PE approaches seek to be practical, useful, formative and empowering: practical in that they respond to the needs, interests and concerns of their primary users; useful because findings are disseminated in ways in which primary users can use them; and formative because they seek to improve program outcomes. Finally, the more the project is determined, implemented, and used by participants, the more empowering the experience will be.

How Does PE Differ From Other Forms of Evaluation?
PE approaches usually are more appropriate for a formative, rather than summative evaluation.
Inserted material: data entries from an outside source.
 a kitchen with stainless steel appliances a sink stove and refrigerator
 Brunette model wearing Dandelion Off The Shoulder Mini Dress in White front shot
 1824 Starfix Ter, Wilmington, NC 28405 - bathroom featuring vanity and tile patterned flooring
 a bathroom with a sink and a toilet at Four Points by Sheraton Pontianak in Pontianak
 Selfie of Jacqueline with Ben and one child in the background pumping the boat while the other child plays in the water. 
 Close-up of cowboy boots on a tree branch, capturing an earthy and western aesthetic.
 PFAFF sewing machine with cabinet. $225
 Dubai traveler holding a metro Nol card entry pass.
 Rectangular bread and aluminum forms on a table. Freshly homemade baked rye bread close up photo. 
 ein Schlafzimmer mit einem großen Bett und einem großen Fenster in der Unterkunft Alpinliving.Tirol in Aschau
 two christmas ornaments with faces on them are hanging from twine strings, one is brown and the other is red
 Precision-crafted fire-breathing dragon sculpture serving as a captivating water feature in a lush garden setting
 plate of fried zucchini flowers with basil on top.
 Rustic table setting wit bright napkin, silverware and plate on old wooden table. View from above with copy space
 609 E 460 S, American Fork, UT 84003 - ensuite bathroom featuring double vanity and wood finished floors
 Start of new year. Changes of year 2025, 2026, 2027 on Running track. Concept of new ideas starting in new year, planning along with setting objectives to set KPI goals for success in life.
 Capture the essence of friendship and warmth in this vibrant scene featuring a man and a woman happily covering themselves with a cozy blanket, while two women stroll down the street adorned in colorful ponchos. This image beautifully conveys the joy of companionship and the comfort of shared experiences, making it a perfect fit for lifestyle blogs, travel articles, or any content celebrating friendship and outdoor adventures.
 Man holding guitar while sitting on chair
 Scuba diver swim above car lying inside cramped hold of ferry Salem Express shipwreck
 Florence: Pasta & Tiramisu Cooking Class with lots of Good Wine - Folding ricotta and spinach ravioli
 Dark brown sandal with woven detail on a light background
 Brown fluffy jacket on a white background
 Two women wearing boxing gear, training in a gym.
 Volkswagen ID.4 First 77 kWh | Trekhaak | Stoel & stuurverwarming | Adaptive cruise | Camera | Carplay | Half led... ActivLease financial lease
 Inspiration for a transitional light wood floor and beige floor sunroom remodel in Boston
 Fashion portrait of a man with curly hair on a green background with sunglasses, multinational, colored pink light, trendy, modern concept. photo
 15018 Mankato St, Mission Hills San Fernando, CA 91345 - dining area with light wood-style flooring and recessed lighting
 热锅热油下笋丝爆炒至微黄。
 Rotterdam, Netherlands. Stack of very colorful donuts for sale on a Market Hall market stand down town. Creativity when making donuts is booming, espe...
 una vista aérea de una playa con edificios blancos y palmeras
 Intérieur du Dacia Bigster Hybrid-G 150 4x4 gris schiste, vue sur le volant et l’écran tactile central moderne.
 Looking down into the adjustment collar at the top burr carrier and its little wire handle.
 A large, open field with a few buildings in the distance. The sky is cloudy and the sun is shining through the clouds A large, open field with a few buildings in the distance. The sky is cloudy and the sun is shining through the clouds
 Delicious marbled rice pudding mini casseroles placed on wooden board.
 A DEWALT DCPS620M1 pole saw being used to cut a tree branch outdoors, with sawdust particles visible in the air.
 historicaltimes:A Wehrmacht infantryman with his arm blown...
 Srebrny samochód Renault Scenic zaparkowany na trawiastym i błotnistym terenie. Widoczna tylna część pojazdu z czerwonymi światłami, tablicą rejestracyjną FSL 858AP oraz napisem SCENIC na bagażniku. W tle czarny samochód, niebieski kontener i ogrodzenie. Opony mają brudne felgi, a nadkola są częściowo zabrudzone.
Participating organizations must understand that the goal is to provide information for program improvement or organizational development, not necessarily to make definitive statements about program outcomes. The agenda for the evaluation is not set by an outside funding source, a federal agency, or by the evaluator. Rather, in PE, both the role of the evaluator and that of the organization change. The evaluator is no longer the expert, but instead a teacher, collaborator, and participant in a process. Organization members are integrally involved in establishing the questions to be asked and the methods to be used, in collecting and analyzing data, and in writing up findings. Staff, clients, board members, and even interested community members, are involved in deciding whether to evaluate, what to evaluate, how to draw conclusions, how and when to disseminate findings, and how and when to implement recommendations. This means that rarely are PE findings generalizable to other projects.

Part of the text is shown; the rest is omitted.